I absolutely do not like the fact that the legs themselves are mounted to the platform by only a single bolt. Why? Because once, during a a multi-day excursion, three of the legs came loose and my roof top tent started shaking.
This is problematic because the motion of such a heavy piece of gear can put some strain on the roof rack, potentially pushing it past its dynamic weight capacity.
Luckily, I noticed this early on in my trip but it still required me to stop and tighten each of the three bolts down and then put some Loctite in there to make sure it didn’t happen again.
I should also mention that the roof rack does cover up part of the antenna, which has led to the occasional loss of signal, but only for satellite radio (it bothers my wife more than it does me).
I will start by saying that I definitely think you get what you pay for when it comes this Rhino Rack. It is made from high quality material and is very tough and durable. Aside from the onetime incident with the bolts, I’ve never had any structural issues.

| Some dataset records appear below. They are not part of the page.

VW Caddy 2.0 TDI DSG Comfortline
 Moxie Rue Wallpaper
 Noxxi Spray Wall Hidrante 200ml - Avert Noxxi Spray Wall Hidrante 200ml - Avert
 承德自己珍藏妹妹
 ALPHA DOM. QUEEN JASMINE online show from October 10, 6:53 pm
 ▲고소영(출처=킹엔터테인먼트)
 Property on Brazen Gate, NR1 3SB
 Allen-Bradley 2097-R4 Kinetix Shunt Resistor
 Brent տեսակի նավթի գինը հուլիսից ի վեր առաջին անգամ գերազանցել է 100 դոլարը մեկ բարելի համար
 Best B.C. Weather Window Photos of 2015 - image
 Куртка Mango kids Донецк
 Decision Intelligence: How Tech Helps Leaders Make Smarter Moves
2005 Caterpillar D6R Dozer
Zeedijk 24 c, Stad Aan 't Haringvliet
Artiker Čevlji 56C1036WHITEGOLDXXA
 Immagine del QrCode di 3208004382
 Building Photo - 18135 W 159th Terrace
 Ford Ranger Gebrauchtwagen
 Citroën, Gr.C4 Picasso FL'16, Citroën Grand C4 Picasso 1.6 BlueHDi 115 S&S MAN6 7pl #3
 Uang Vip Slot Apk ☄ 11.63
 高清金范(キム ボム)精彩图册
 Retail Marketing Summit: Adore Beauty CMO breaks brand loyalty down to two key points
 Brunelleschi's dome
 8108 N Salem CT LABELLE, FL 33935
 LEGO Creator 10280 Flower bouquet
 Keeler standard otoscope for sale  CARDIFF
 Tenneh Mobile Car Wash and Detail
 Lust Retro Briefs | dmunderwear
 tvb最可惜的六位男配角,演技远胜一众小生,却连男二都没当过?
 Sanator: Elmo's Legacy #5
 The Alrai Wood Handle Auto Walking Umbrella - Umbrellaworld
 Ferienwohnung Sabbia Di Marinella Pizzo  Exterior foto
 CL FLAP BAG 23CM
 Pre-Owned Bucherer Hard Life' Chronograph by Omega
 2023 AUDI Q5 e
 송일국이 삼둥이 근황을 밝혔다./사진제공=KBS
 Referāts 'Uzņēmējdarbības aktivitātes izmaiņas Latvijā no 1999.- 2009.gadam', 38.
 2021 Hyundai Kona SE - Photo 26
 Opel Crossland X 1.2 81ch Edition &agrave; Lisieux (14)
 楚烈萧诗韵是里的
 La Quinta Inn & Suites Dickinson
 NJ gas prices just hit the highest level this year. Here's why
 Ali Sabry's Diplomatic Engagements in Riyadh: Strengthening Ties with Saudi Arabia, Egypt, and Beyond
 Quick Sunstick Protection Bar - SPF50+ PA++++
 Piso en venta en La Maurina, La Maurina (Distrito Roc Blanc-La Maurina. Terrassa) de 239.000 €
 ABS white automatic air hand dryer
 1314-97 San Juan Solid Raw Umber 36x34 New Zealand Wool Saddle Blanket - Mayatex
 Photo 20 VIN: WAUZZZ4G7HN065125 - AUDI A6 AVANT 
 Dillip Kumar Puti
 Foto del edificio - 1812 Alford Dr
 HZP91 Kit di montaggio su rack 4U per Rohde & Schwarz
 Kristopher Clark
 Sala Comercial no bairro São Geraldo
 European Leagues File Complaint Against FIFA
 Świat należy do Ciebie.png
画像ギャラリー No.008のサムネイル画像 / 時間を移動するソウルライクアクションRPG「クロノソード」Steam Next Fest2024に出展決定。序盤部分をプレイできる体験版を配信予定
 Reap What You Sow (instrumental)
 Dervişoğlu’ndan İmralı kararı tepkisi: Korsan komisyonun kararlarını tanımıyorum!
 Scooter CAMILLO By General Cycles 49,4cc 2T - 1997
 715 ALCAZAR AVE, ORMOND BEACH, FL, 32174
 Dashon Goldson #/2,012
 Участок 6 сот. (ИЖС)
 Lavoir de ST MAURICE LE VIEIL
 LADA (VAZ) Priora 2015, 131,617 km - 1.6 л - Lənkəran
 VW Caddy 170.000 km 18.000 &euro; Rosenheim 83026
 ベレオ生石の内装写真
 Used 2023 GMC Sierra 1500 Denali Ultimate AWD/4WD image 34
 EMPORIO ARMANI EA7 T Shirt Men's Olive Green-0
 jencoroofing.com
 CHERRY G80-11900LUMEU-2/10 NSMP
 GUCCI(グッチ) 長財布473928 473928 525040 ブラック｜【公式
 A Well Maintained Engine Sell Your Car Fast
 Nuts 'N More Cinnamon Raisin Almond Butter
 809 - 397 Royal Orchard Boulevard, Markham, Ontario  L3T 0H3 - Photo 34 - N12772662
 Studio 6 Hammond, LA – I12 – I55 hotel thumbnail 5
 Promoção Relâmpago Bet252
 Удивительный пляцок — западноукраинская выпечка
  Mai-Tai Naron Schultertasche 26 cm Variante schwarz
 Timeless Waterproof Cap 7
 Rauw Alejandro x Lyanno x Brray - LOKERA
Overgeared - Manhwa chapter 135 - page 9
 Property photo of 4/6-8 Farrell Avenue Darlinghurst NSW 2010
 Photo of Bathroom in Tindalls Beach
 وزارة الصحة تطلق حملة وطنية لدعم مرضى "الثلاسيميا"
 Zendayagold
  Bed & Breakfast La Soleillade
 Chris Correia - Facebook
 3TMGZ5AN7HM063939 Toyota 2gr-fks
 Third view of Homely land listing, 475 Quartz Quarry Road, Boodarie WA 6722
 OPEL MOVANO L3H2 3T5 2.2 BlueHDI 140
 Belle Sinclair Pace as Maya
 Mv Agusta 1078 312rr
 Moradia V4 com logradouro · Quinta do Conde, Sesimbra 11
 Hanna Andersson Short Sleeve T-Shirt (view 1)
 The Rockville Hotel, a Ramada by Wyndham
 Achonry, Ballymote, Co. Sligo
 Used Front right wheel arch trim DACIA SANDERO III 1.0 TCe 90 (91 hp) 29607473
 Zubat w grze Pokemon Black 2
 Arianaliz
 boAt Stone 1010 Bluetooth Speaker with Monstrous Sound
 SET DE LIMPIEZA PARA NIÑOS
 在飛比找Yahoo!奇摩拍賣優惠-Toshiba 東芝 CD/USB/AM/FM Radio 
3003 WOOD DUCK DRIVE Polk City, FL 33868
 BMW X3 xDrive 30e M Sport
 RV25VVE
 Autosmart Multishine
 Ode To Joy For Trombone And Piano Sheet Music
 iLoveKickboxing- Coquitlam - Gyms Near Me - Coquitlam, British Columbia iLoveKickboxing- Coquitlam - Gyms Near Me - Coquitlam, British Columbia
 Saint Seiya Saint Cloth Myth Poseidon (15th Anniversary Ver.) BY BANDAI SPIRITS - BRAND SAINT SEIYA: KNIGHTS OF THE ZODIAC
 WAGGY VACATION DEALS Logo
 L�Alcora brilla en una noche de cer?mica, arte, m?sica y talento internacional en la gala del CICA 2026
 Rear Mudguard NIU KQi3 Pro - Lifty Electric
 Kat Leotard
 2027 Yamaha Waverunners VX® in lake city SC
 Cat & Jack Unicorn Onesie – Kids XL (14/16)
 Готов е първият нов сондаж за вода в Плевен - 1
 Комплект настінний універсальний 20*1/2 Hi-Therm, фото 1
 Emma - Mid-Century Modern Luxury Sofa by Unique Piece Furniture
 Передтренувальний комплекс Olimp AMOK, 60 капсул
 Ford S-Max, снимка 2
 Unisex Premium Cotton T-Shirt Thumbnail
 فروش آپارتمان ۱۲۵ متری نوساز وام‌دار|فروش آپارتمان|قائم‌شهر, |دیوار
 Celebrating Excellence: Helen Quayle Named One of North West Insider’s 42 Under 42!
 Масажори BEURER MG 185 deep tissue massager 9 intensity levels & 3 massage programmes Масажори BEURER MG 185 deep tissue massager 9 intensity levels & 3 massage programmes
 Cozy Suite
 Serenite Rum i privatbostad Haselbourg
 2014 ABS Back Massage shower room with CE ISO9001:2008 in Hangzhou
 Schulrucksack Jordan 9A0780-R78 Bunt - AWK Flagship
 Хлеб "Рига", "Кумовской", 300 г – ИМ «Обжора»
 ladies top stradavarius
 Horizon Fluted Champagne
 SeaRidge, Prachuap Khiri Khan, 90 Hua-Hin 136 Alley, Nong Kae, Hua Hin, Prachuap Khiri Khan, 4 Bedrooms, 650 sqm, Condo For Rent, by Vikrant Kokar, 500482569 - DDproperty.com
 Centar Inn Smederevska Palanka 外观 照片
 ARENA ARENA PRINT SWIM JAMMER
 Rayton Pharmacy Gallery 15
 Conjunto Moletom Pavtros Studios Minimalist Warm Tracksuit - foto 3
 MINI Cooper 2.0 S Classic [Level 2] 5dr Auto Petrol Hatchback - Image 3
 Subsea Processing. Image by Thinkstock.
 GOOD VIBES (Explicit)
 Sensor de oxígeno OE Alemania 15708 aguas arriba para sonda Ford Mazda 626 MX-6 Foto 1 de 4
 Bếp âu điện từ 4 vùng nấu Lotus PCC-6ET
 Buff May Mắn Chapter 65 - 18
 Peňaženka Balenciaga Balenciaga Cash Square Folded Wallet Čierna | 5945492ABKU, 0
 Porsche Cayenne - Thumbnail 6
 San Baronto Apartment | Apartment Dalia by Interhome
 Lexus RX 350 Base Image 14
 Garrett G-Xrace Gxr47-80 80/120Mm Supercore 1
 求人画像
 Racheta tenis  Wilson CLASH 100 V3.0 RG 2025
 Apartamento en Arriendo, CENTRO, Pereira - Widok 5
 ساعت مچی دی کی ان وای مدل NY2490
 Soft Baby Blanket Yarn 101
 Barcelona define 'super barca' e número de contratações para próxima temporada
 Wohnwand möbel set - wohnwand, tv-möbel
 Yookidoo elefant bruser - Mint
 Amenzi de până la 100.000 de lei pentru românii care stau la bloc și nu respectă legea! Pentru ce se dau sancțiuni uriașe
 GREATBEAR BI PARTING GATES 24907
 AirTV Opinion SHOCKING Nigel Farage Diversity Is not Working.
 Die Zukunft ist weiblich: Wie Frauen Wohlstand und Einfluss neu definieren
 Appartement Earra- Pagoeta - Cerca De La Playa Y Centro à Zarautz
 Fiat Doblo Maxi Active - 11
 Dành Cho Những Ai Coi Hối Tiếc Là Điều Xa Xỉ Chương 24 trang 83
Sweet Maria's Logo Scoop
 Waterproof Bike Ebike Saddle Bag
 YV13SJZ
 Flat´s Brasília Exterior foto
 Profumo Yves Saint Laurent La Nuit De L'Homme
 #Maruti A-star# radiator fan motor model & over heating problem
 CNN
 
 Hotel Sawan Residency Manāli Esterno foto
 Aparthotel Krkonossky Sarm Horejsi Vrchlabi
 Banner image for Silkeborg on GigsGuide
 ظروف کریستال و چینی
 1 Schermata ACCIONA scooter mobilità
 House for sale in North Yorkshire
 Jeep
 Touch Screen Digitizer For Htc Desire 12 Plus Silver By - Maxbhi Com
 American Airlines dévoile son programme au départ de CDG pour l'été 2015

I also feel it's important to mention that I didn’t really notice any increase in wind noise, which is always a plus when for those long drives on the freeway.
As far as the different types of legs for this setup go, I've tried both and I have to say, I prefer the standard edition. Even though the quick release makes it easier to gain access underneath the platform, I don’t ever remove my roof rack so I don't really have a need for this version. The shorter height of the standard edition makes it easier to fit into my garage and I honestly prefer how it looks.
When it comes to picking the right piece of gear and equipment for your rig, the most important consideration is how you'll be using it because it should fit your needs, not the other way around. All in all, this is an outstanding roof rack that has held up well over the years and handled everything I've needed it to do.